◆ **TASK TO CARRY OUT**: Below are records; extract exactly the lines from the one with "Read Tower Of God S3 AR Manga Online" through the final line, including both, but drop the pictures.

-- Opening Marker --

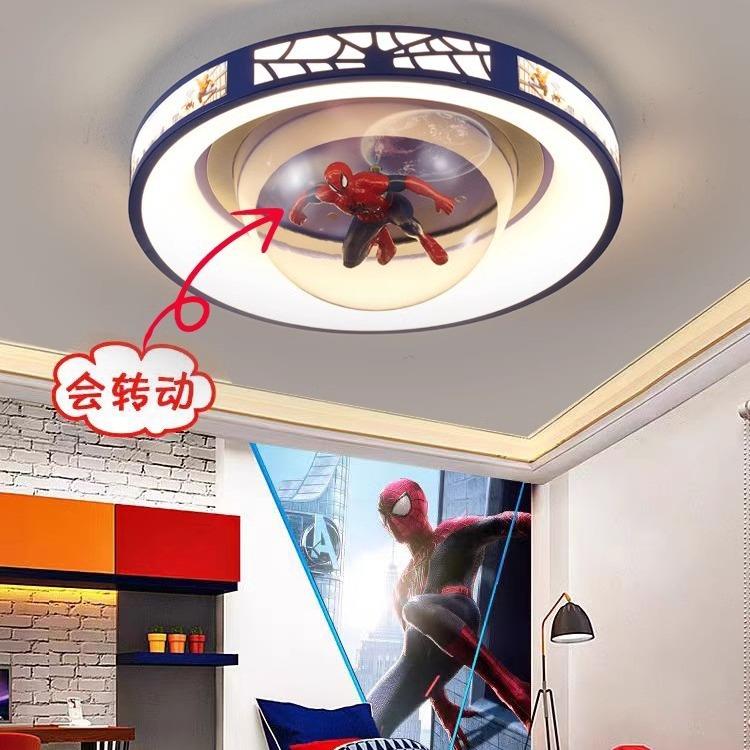 儿童房灯男孩卧室美式曼联卡通旋转蜘蛛侠灯全光谱护眼led吸顶灯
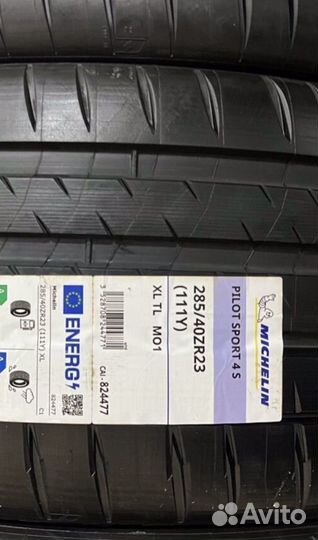 Michelin Pilot Sport 4 S 285/40 R23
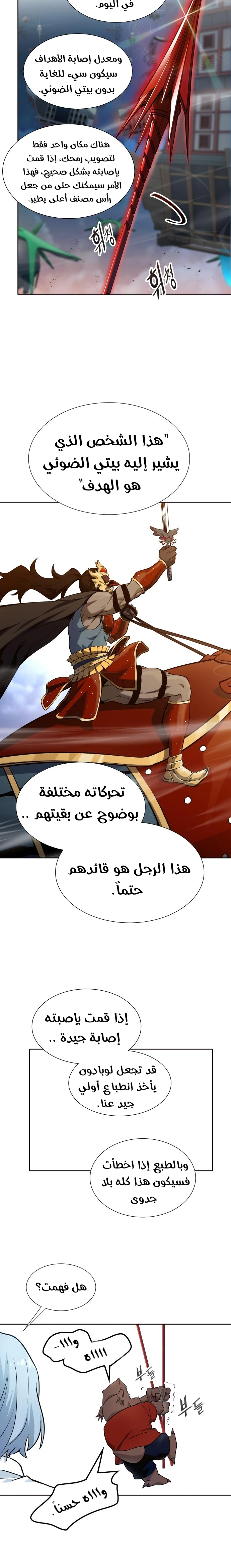 Read Tower Of God S3 AR Manga Online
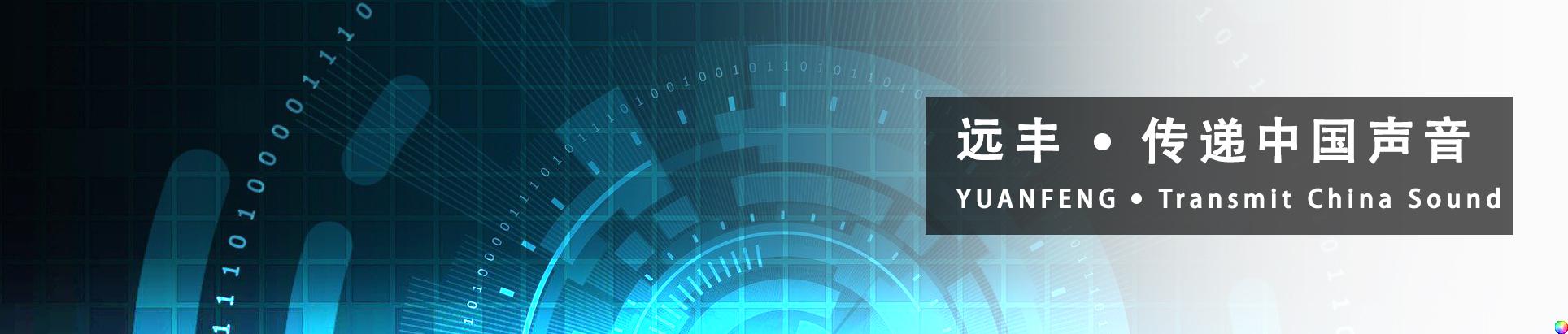 EBET�ײ���(�й���)�ٷ���վ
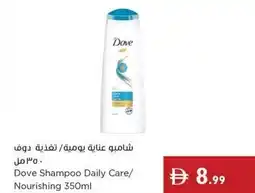 Istanbul Supermarket Dove Shampoo Daily Care/ Nourishing offer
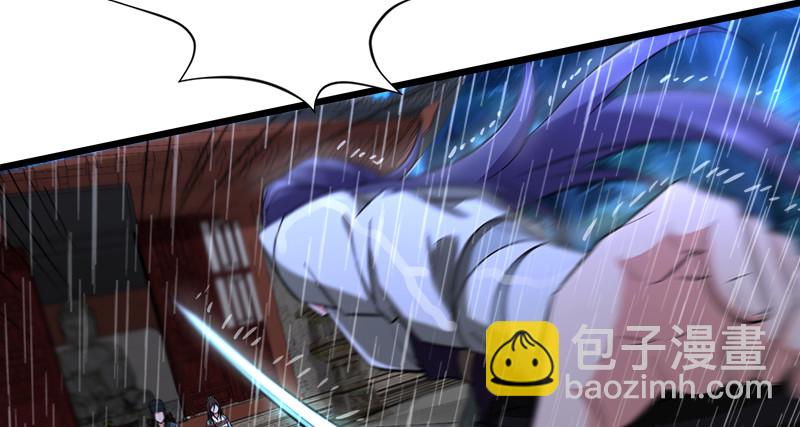 笑傲江湖 - 第一百零四話 搜身(2/3) - 3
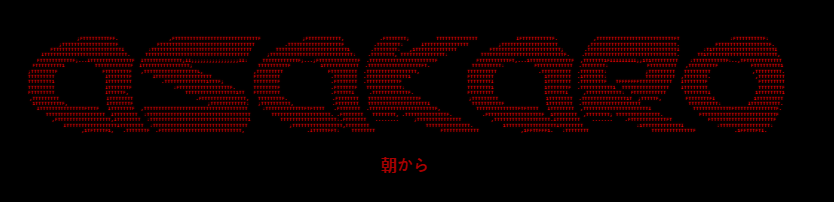 ASCII Art Crystal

-- Closing Marker --

◆ **EXERCISE ANSWER**:
 Read Tower Of God S3 AR Manga Online
 EBET�ײ���(�й���)�ٷ���վ
 Istanbul Supermarket Dove Shampoo Daily Care/ Nourishing offer
 笑傲江湖 - 第一百零四話 搜身(2/3) - 3
 ASCII Art Crystal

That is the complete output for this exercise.